→ Exercise brief
For this exercise, copy all the data exactly and include none of the pictures.

→ Collected data
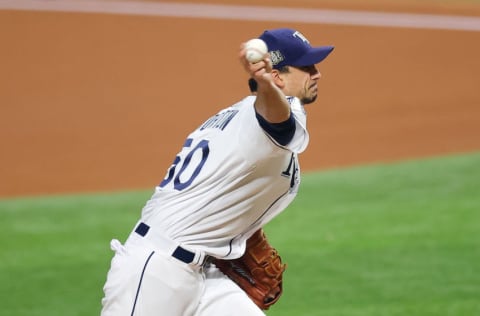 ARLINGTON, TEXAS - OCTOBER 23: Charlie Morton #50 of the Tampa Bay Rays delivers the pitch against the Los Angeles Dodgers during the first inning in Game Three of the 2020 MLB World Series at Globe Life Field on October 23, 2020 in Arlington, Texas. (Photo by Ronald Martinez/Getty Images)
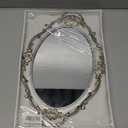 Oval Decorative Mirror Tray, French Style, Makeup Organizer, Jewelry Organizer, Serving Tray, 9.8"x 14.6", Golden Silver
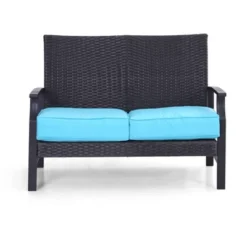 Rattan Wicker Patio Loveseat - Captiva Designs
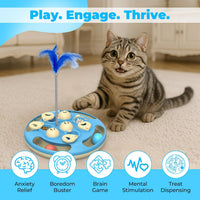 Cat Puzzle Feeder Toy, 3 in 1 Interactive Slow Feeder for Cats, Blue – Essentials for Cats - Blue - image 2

→ Answer for this exercise
 ARLINGTON, TEXAS - OCTOBER 23: Charlie Morton #50 of the Tampa Bay Rays delivers the pitch against the Los Angeles Dodgers during the first inning in Game Three of the 2020 MLB World Series at Globe Life Field on October 23, 2020 in Arlington, Texas. (Photo by Ronald Martinez/Getty Images)
 Oval Decorative Mirror Tray, French Style, Makeup Organizer, Jewelry Organizer, Serving Tray, 9.8"x 14.6", Golden Silver
 Rattan Wicker Patio Loveseat - Captiva Designs
 Cat Puzzle Feeder Toy, 3 in 1 Interactive Slow Feeder for Cats, Blue – Essentials for Cats - Blue - image 2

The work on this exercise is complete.